Socio-Economic Impact and Localization Targets
The project is structured to deeply integrate regional businesses and the local workforce into the global tech supply chain:
Employment and MSME Integration: The high-tech plant is projected to scale up localized employment to 11,000 personnel. Concurrently, Jabil will execute a deep localization program designed to loop Indian Micro, Small, and Medium Enterprises (MSMEs) directly into high-precision engineering ecosystems.
Strategic Growth: India’s Electronics Export Evolution
Highlighting the rapid trajectory of the domestic electronics sector, Minister Vaishnaw shared data detailing how targeted central policies have transformed the industry’s footprint. The total value of India’s electronics manufacturing industry has scaled to an unprecedented ₹13 lakh crore.
Moving away from historical positions outside the top-ten brackets, electronics exports climbed rapidly over recent years from the 9th rank up through the 7th, 5th, and 4th positions. As of 2025, electronics officially established itself as the country’s third-largest export category.

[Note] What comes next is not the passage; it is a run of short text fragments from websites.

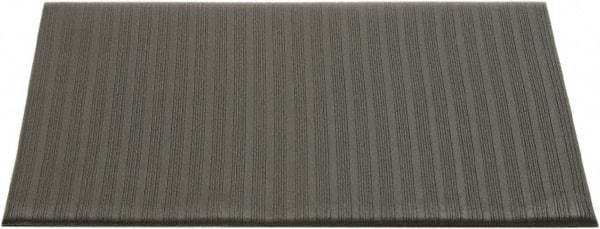 Ability One - 3' Long x 2' Wide, Dry Environment, Anti-Fatigue Matting - Black, Vinyl with Vinyl Sponge Base, Beveled - Exact Industrial Supply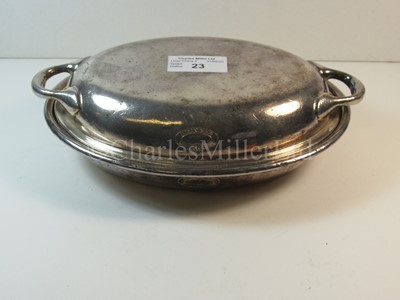 Lot 23 - A British India Steam Navigation Company plated tureen and cover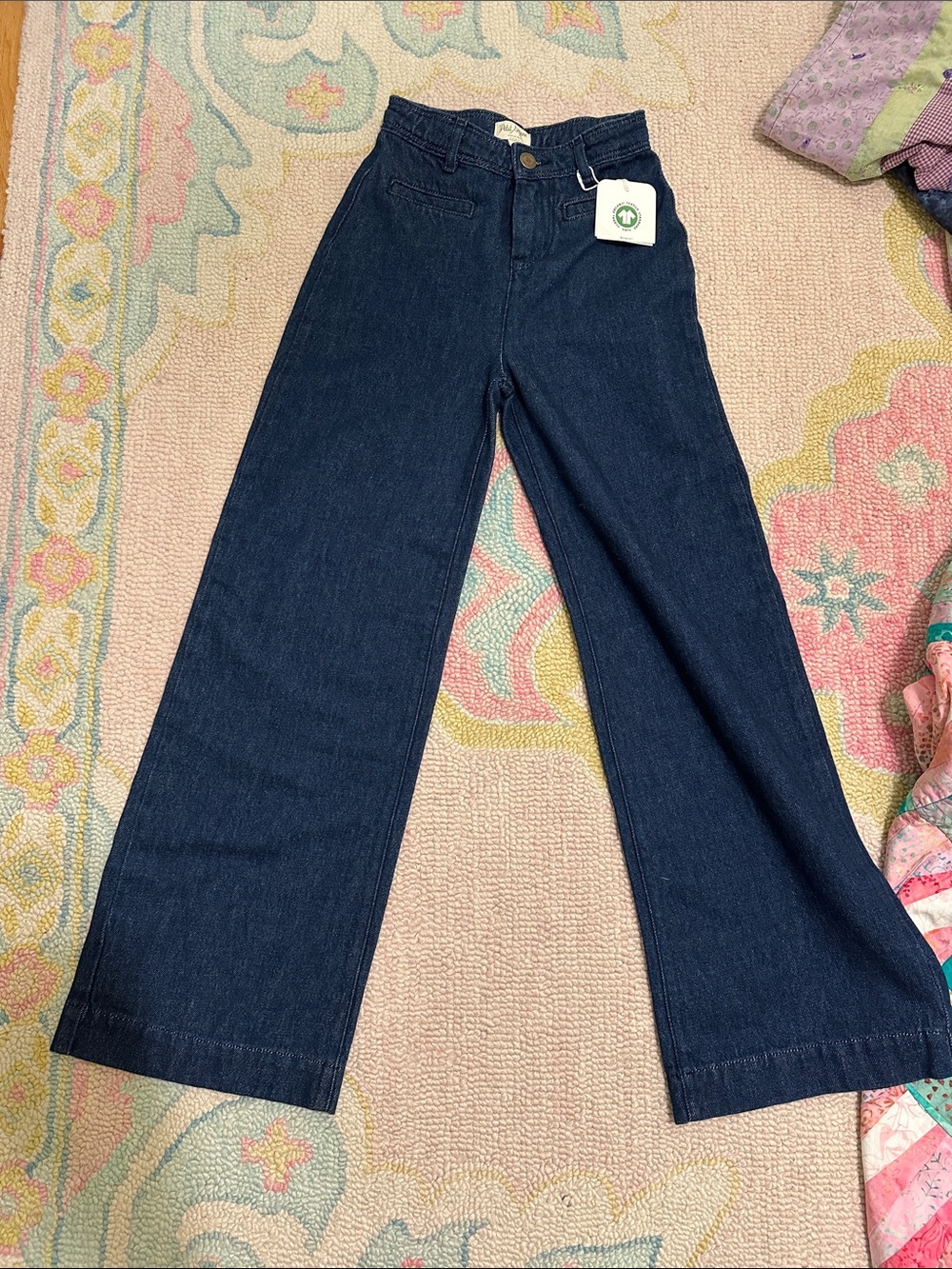 Petit Sezane Jeans in Dark Blue Denim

The next horizon for the central and state governments is to collaborate with investors to push process quality and elevate the sector into the second-largest export bracket. To sustain this momentum, the central government has committed to extensive investments in precision technical talent, skill creation, and specialized supply chains for high-precision mechanical components—including exploring partnerships with advanced material and equipment innovators like Lyten to secure local raw feeds.